New York Times reporter Kate Zernike has found the original seed of the Tea Party movement -- and she isn't anything like the old, white Christian conservatives that polls and photos from rallies might suggest.
She's a half-Mexican math teacher with a nose piercing who enjoys doing improv theater on weekends. Her name is Keli Carender and she's just the beginning of the Tea Party story Zernike tells in her new book, Boiling Mad.
Zernike tells NPR's David Greene that Carender's frustration with the stimulus package, bank bailouts and the collapse of the economy drove her to take after the anti-war protesters of her native Seattle and organize a protest.
"She calls up a conservative radio host and she e-mails Michelle Malkin, the conservative blogger, and they both give her a plug for her protest and she gets about 200 people there," Zernike says.
"She really is the germ of this movement. And about a week and a half later is when what everybody calls 'The Rant' happens."
"The Rant," delivered from the floor of the Chicago Board of Trade, is CNBC reporter Rick Santelli's critique of President Obama's proposal to help homeowners who can no longer afford their mortgages.
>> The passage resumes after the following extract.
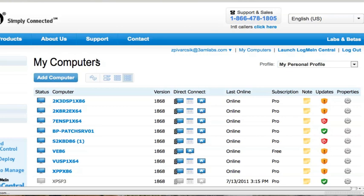I'm going to show you how easy it is to manage Windows Updates with LogMeIn. Here in the My Computers tab, I can see a new column has appeared called Updates.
In it, Santelli proposes the idea of having a tea party in Chicago, and that, Zernike says, is what sparked some major organizing.
"A bunch of young conservatives who were all on Twitter start tweeting about ['The Rant'] and they agree that they're going to have a conference call that night to plan tea parties," she says. "There are about 50 of them on a conference call that night. They have a conference call every night that week and a week later there are tea parties in somewhere between 30 and 50 cities across the country."
Between the libertarians, the social conservatives and the suburban moms, Zernike says it became clear that even those original conference call organizers weren't all coming from the same place.
"It's really hard to put a label, or put a face on the Tea Party," Zernike says.
And yet they all came together with one goal in mind: to defeat the democratic majority in Washington.